Holidays

Top 5 Money is No Object Holidays

When choosing a holiday, there are usually two paths a traveller can take. Path one: a destination is chosen and there’s an intense period of living like a Trappist monk (without the fun ‘brewing beer’ part) in order to save up. Path two: the traveller looks at how much money she has and chooses a destination accordingly.

Either way you look at it, for most us, money is the critical factor in where we travel and for how long. Since most of us are not born to excessive privilege, let’s live vicariously, shall we? Here are five extraordinary experiences to embark on when money is no object.

Mount Everest base camp – Photo credit

Climb Mount Everest
Approximate cost: $55,000-$120,000* including training, gear and flights.

For many adventure travellers, making it to the roof of the world is the ultimate trip. Not only do you need to be a pretty tough sort to do this – supremely fit, good with heights and willing to eat freeze dried cardboard for a month – but you have to have a pretty sturdy bank balance too. With the inherent dangers involved of going into the ‘death zone’ and the growing number of shonky operators taking ill-prepared ‘tourist climbers’, the more money you spend on a good guide, the better chance you have of making it back alive.

Orbit the Earth
Approximate cost: $200,000

Star Wars fanatics well understand the appeal of a space adventure. And while Virgin Galactic can’t promise that you’ll discover who your real dad is or that the ‘Princess’ you had a crush on turns out to be your sister, they can take you up into orbit in SpaceShip Two. As well as being one of the first space tourists, passengers will also get to rub shoulders with stars such as Brad Pitt, Ashton Kutcher and Tom Hanks – all of whom have already signed on.

Retrace Shackleton’s Antarctic Expedition
Approximate cost: $30,000

When most rich people go on cruises, it’s usually with a seat at the captain’s table and an unlimited shuffleboard pass. However, if you fancy something a little more epic – and by ‘epic’, I mean ‘not as luxurious, arduous and a lot colder’ – then a trip on the T.S. Pelican retracing Ernest Shackleton’s survival voyage to Antarctica might be for you. In fact, this isn’t a cruise at all; rather, a 56-day voyage on a replica tall ship following the route the intrepid explorer took across the Antarctic and South Georgia to save his frozen crew in 1916. If you have 30 grand burning a hole in your pocket, you’d better be quick – the trip sets sail January 2013.
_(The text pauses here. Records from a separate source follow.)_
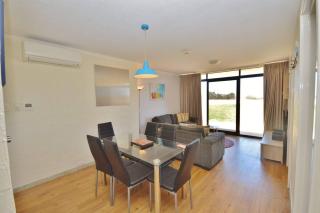 Riverview Holiday Waterfront Apt 19 - Ground Floor- Kalbarri WA - 2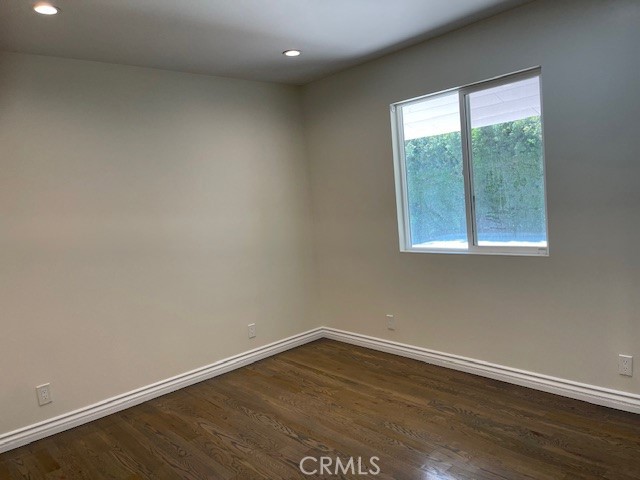 Detail Gallery Image 9 of 19 For 5301 Bluebell Ave, Valley Village,  CA 91607 - 3 Beds | 2 Baths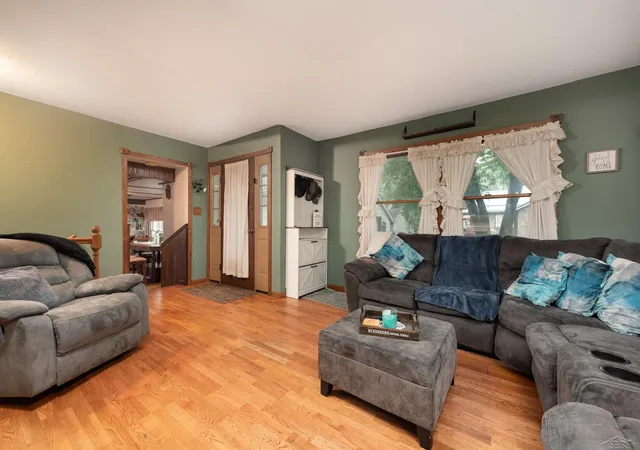 Photo 4 of Single family home for sale at 1610 E Ashman St, Midland, MI 48642 | MLS# 50219396 | Listing updated on 2026-09-09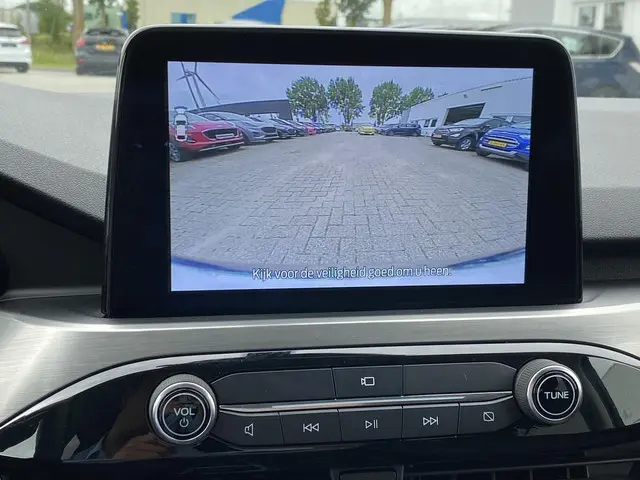 Ford Kuga 2.5 PHEV Titanium 2021 Hybride Benzine 47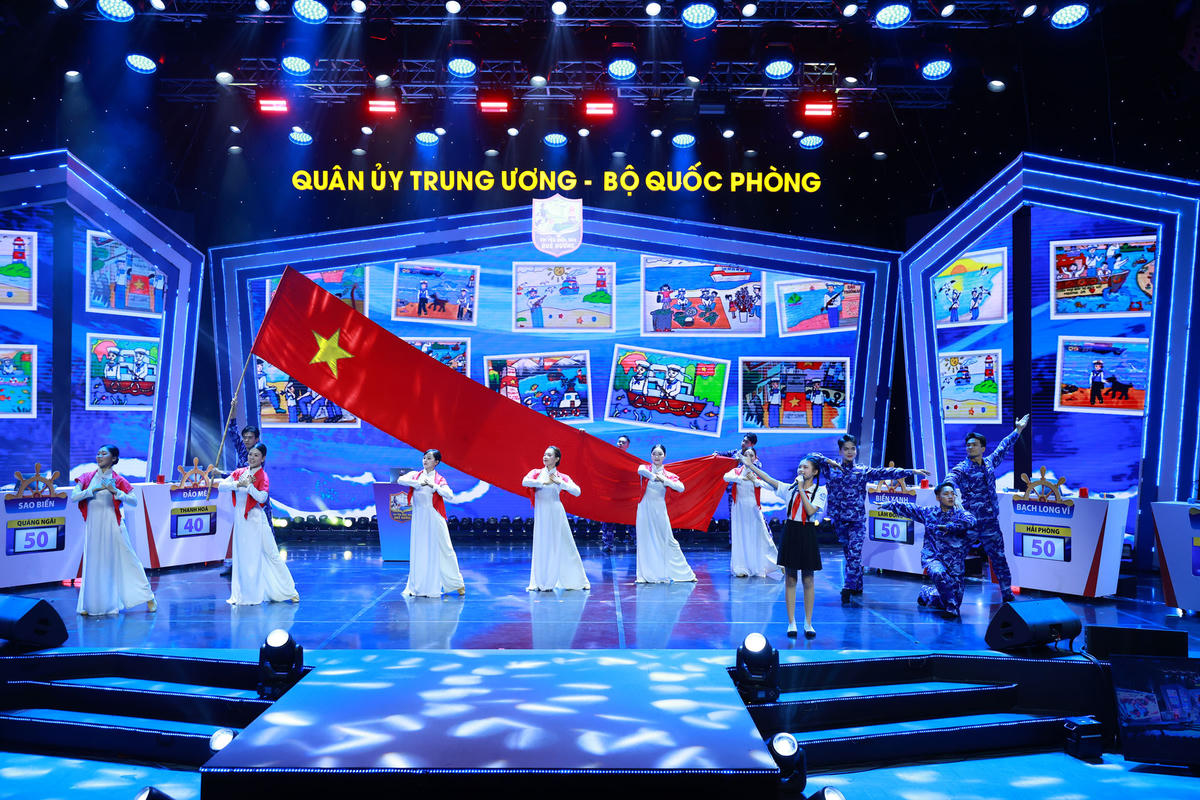 Đại tướng Nguyễn Trọng Nghĩa động viên thí sinh dự thi  'Em yêu biển, đảo quê hương'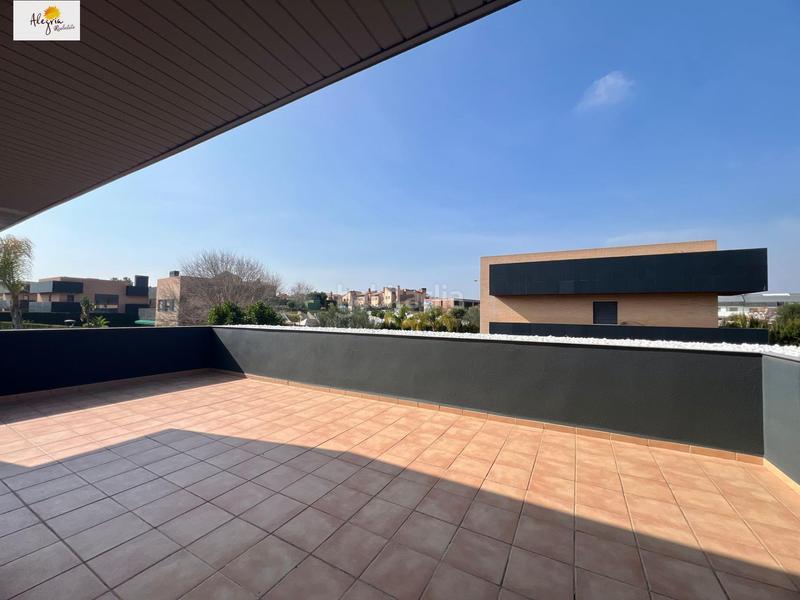 Foto ed5cd979-28e3-4d3e-9531-f397170a28d4. Chalet con riscaldamento parcheggio piscina in Torre en Conill-Cumbres de San Antonio Bétera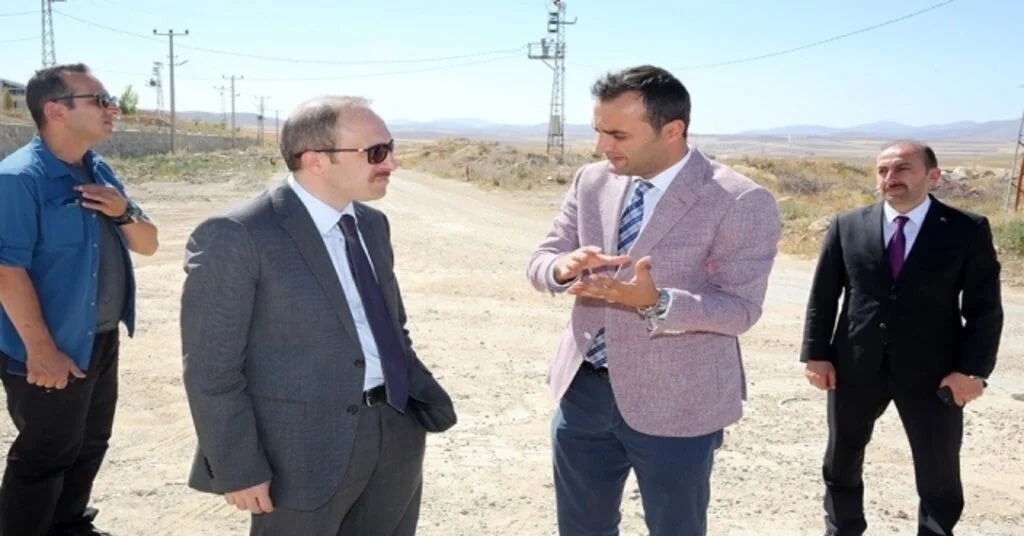 Vali Cüneyt Epcim Osbde İncelemede Bulundu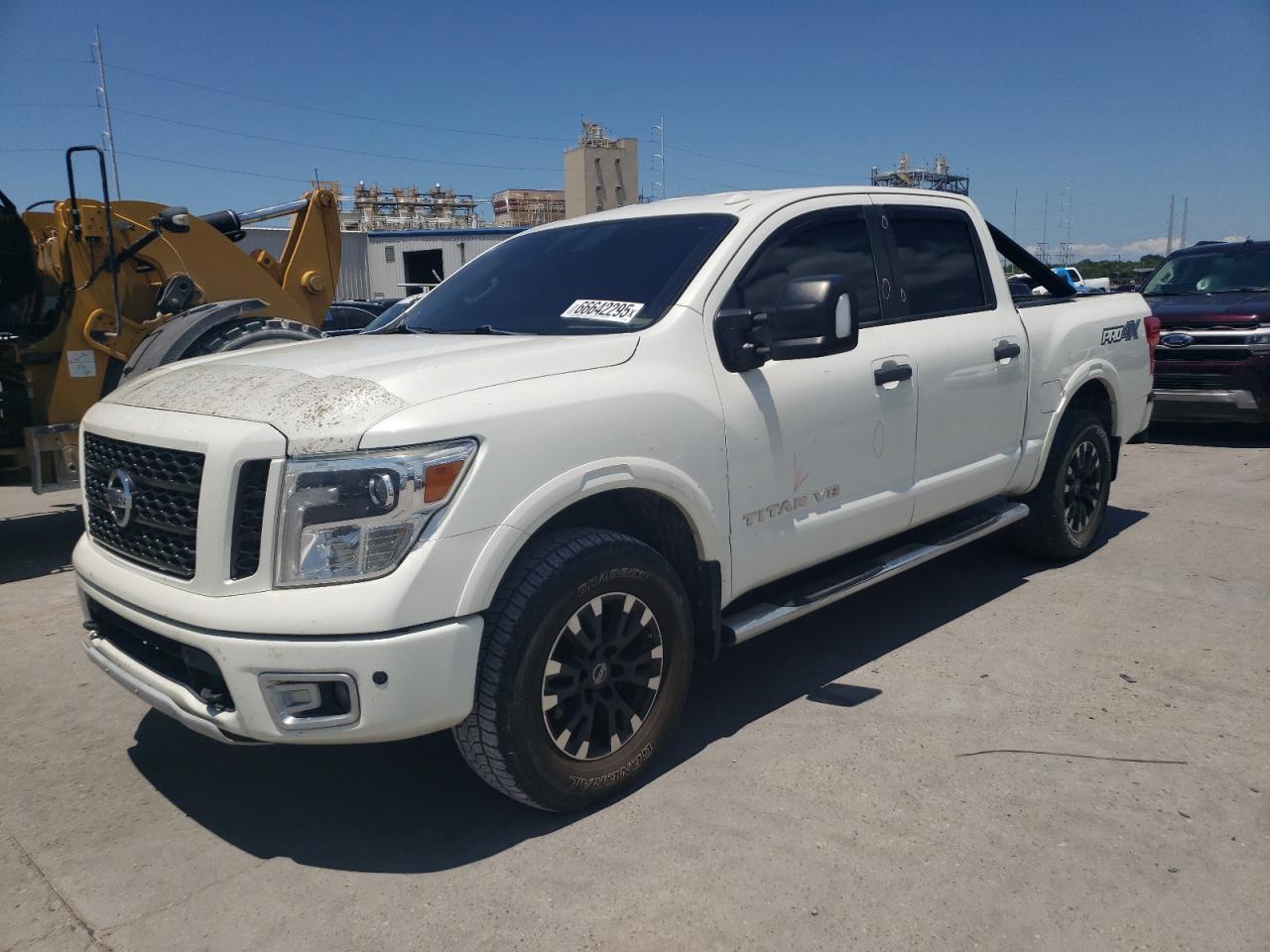 2018 Nissan Titan sv SV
Stay at the Four Seasons Ty Warner Penthouse
Approximate cost: $35,000 per night

With 360 degree views from the top floor of the tallest hotel in Manhattan, the Ty Warner Penthouse at the Four Seasons Hotel New York is “less a suite, and more a multi-layered work of art”. The 400 square metre suite has nine rooms, including a library, gym and living room with a four-foot chandelier, and is the most expensive hotel suite in the world. However, the price tag does include a personal trainer, butler and Rolls Royce chauffeur. So you’ll save a little there…

New York City Guide

Rent a Caribbean Island
Approximate cost: $42,500 per night

Either Richard Branson has got the luxury travel market cornered or he just likes fleecing other rich people for as much money as he can. As well as taking people into space and frequently making U.K. train travellers late for appointments, the Virgin magnate also rents out his own island – Necker Island in the British Virgin Islands. For a touch more than 40 grand a night, you and 15 of your closest pals can have the run of the 74-acre private island, which includes eight luxurious huts, all food, drink and activities – including a resident tennis pro – and 60 members of staff at your beck and call.